With the Fire on High by Elizabeth Acevedo

Genre: Realistic Fiction

Number of Pages: 388

Emoni Santiago’s life has been difficult since she got pregnant as a freshmen in high school. Now, as a senior she is busy going to school, raising her two year old (with help from her grandmother whom she lives with), working, and honing her gift of cooking. She doesn’t know what the future will hold, but just wants to focus on getting through senior year. That is until she learns there is a new elective in culinary studies that includes a spring break trip to Spain to actually work with Spanish chefs. Even though Emoni has a lot on her plate she cannot resist the opportunity to work with a real chef. Unfortunately, she learns quickly that not everyone is as interested in her unique blend of spices that makes her food so special and she is penalized for not following recipes to the letter. She briefly even considers dropping the course, but something pulls her back and she learns that this could be a real career path for her if she works at it. Can she raise the money for her trip to Spain? Can she find a way to juggle school, parenthood, a job, and college applications? Or would it be better for her daughter if she just started working full time after high school?

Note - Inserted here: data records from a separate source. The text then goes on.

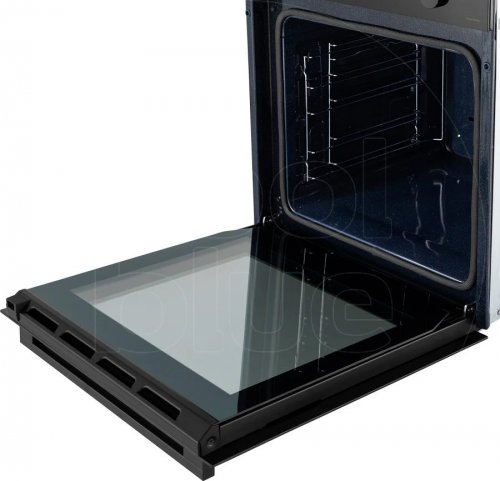 Samsung nv7b41307ak Horno multifunción 76 L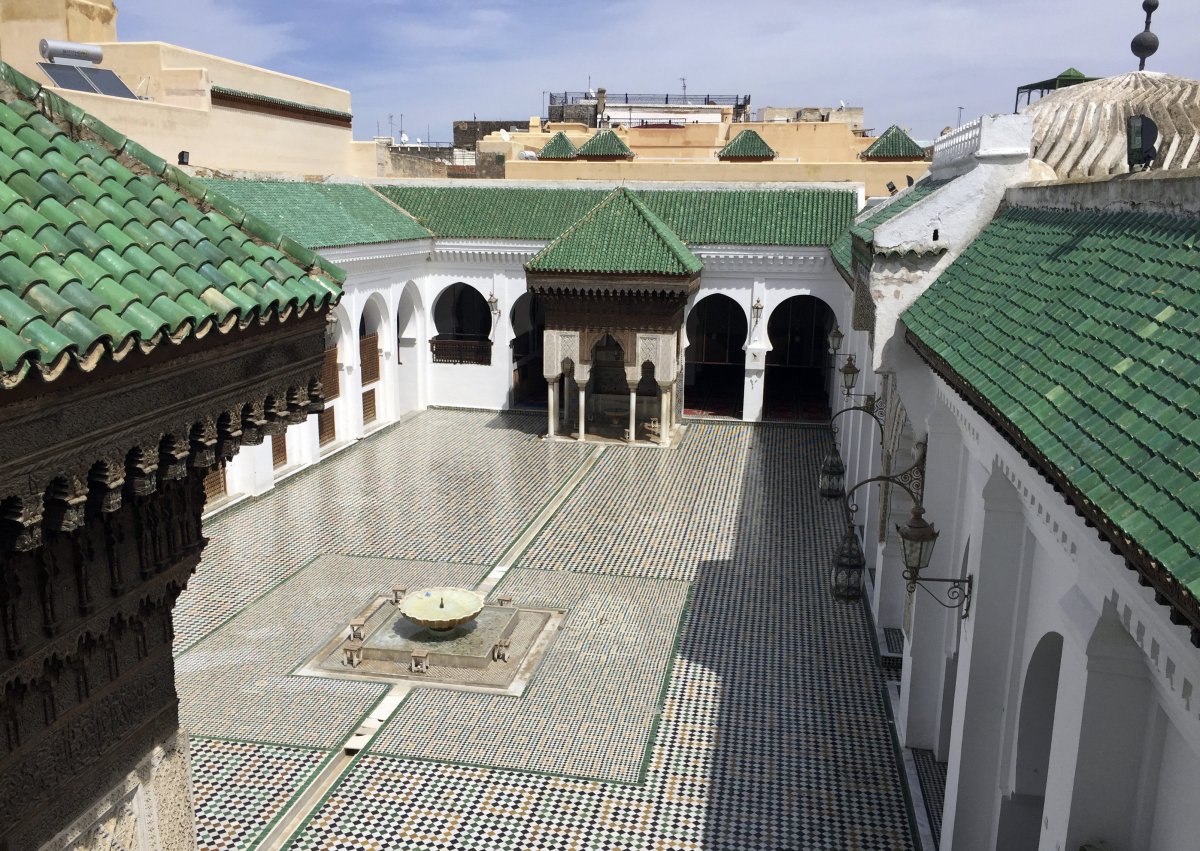 نون بوست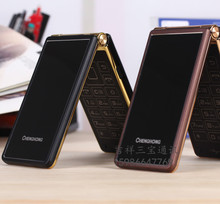 【诚虹手机】最新最全诚虹手机返利优惠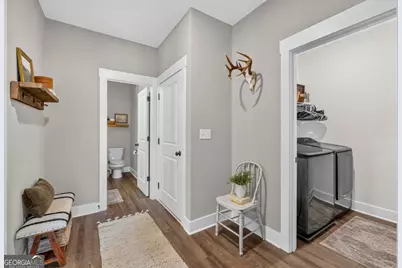 5300 Bethany Road, Buckhead, GA 30625 - Photo 27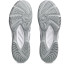Sapatilhas de Andebol ASICS Upcourt 6 Homem Azul/Branco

Emoni’s story is so relatable to anyone who feels like they are being pulled in different directions by their obligations and their dreams. She often feels weighted down by the pressures on her and even though she is fortunate to have people who care for her and want to help her fulfill her dreams she knows a lot of these responsibilities fall on her. The focus on what it takes to become a chef is refreshing as well. This is not a topic you see in a lot of young adult books, but it is a great example of a very valid career path that many students do not think of. Recommended.

Hot Lunch by Alex Bradley

Genre: Realistic Fiction

Age Level: 14 and up

# of pages: 276

RAC Book: Yes

Molly is a somewhat sullen teenager who makes it her mission in life to keep others as far away from her as possible. When she is paired up with a new girl on a school project she does her best to push the girl away until they each decide to do their own project. Since this was not the assignment they get poor grades and get into a big fight in the lunchroom. This leads to a punishment of serving lunches for two weeks. Unfortunately, they fail to improve their behavior and in a bizarre turn of events end up having to run the entire lunchroom until the students vote for five days in a row that their food is better than the previous lunch lady’s.

While there are several reasons why I believe something like this would never happen in a high school, it was a very funny concept. The two main characters, Molly and Cassie, represent a group of high school students who don’t feel they belong anywhere. Cassie uses this fact as incentive to try harder to fit in, while Molly decides to actually try not to fit in. Together they learn a lot about the groups that make up high school while at the same time learning about leadership, nutrition, cooking, and friendship. This incredibly funny book questions some of the processes that have remained unchanged in schools for so long when better options have come along. Students will enjoy the humor and might look at food and nutrition differently after reading this book.